TASK DETAILS —
Once the line holding "Silver Gear Clock - Dia 61cm x 6cm - Clock" is found in the entries below, transcribe exactly every line up to and including the one holding "SINLAND Microfiber Kitchen", but leave out the pictures.

SOURCE MATERIAL —
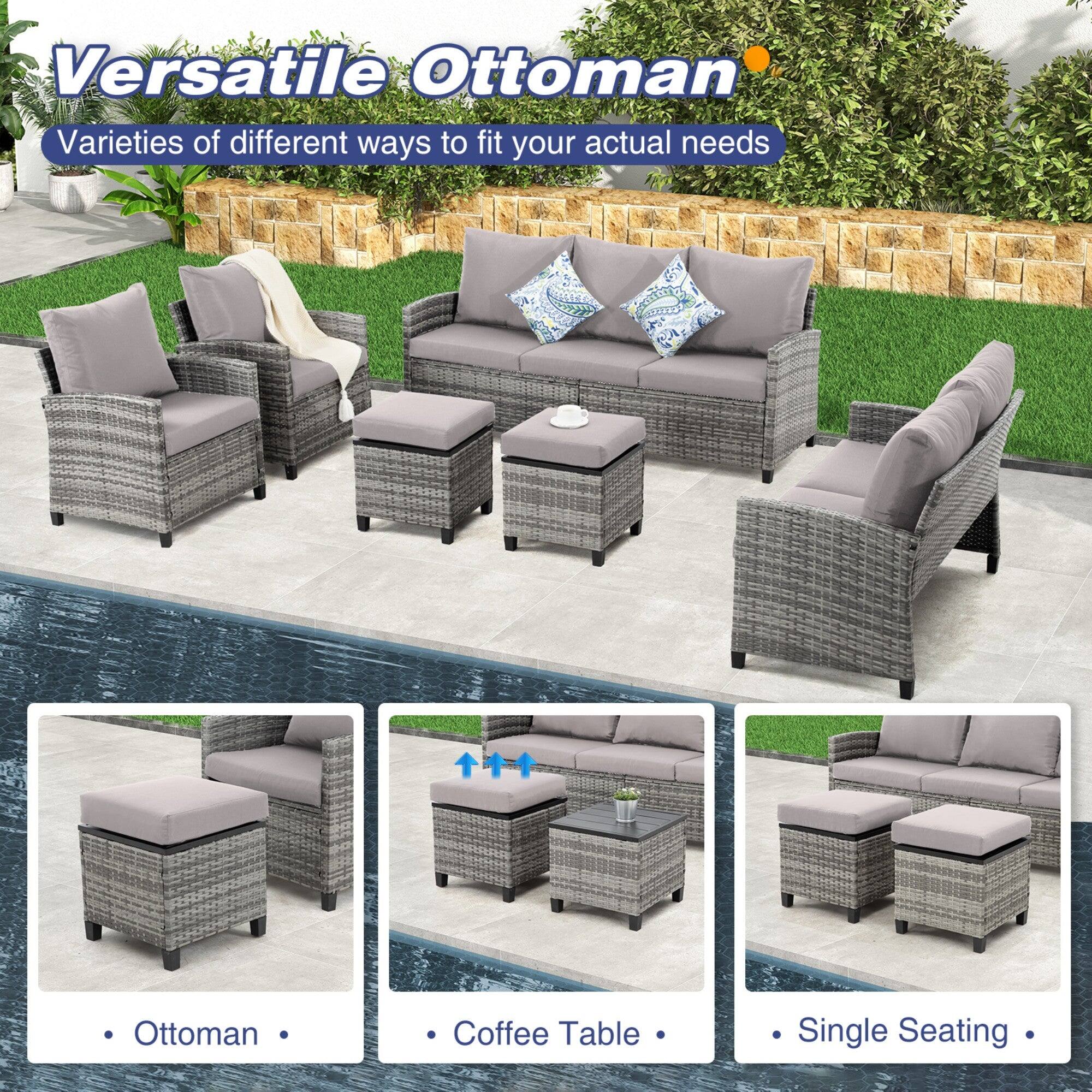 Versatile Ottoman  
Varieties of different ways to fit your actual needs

...

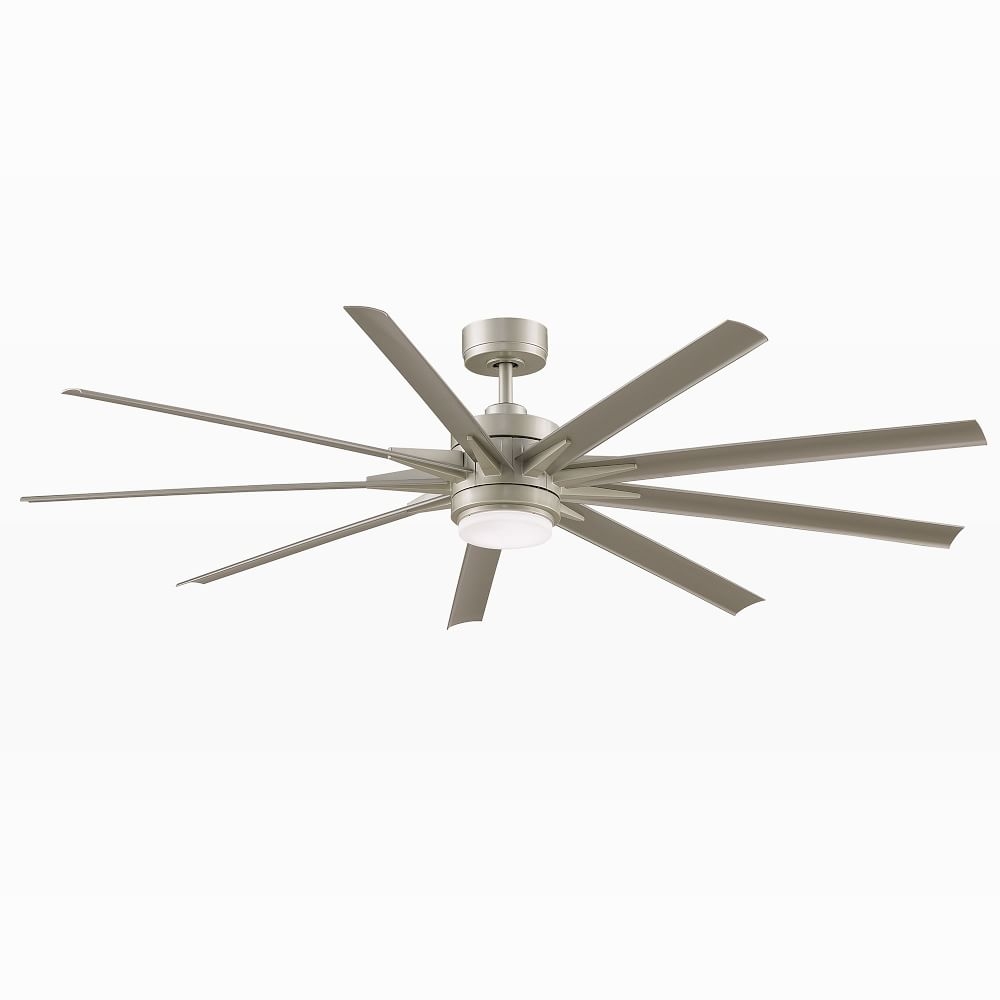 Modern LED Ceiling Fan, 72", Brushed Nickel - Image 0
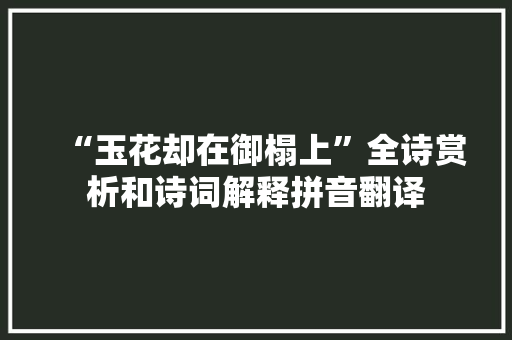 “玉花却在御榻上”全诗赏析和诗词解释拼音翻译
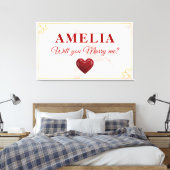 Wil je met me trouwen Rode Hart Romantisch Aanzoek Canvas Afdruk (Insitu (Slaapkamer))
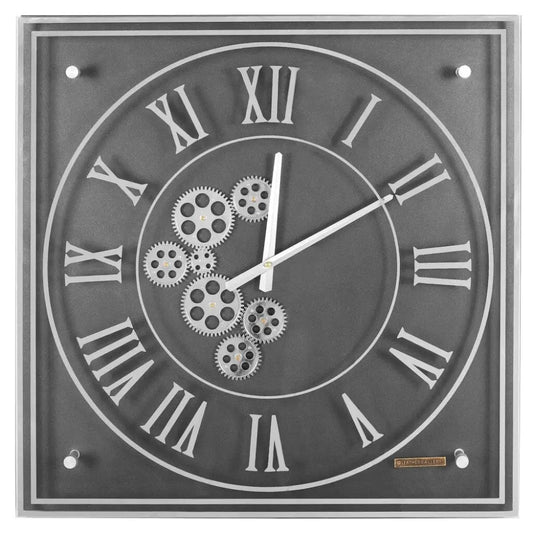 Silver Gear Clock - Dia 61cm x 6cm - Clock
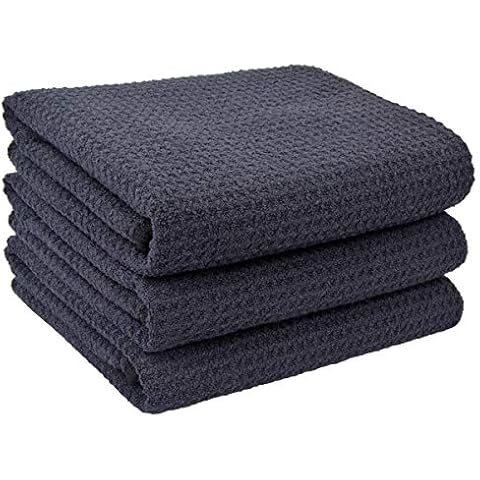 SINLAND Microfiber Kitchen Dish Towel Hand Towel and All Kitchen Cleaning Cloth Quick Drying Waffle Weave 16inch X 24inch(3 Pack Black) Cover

ANSWER TO THIS TASK —
 Silver Gear Clock - Dia 61cm x 6cm - Clock
 SINLAND Microfiber Kitchen Dish Towel Hand Towel and All Kitchen Cleaning Cloth Quick Drying Waffle Weave 16inch X 24inch(3 Pack Black) Cover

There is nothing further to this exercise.